No region was altogether exempt from the dip, although some, mostly rural territories, seemed to be holding their own better than others. The overall drop in turnover was slight, but that only made the January to June profit margin look more preposterous than ever. For the hard facts were profits had fallen to a miserly five and a quarter per cent, compared with eight and a half in the preceding six months, and sixteen per cent in the corresponding period last year.

George did what everybody expected him to do, calling for regional reports and convening an extraordinary general meeting for the second week in July.

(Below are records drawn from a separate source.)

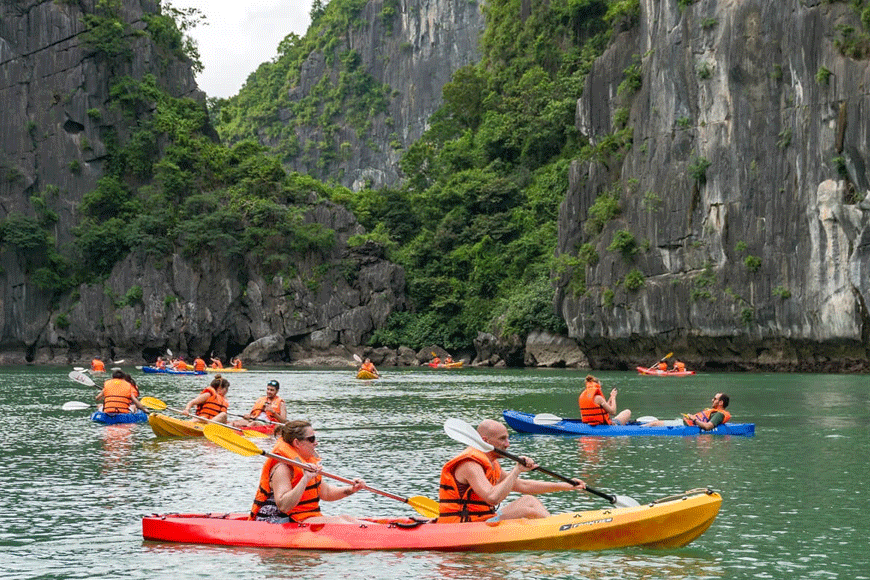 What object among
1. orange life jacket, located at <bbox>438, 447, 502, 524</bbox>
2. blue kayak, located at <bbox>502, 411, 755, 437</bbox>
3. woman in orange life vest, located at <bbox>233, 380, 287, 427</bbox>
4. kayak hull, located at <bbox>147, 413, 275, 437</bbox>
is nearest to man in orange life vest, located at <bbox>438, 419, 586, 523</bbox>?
orange life jacket, located at <bbox>438, 447, 502, 524</bbox>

The favourite excuse, of course, went under the heading of “a general business recession.” It had a comforting vagueness and could be laid to the door of German competition, plus the unsettled atmosphere overseas. After that, a close second, came the old whipping boy, the weather, for the winter had been long and wet, particularly in the north and west, and as recently as February some of the busiest regions had had a third of their vehicles in the repair shops. Higson, in the far north, for instance, thought he could be forgiven a falling-off in his rural areas, where the snow falls had been heavy and his quota of motor-vehicles seldom penetrated. But it seemed odd that Bertieboy Bickford, whom all of them thought of as a yokel, came close to finishing top of the regional poll, an almost inconceivable circumstance in these days, for the Western Wedge was jocularly referred to as “the turnip patch” and Bickford, operating in the western peninsula, must have had his fill of sloughed roads and flooded valleys.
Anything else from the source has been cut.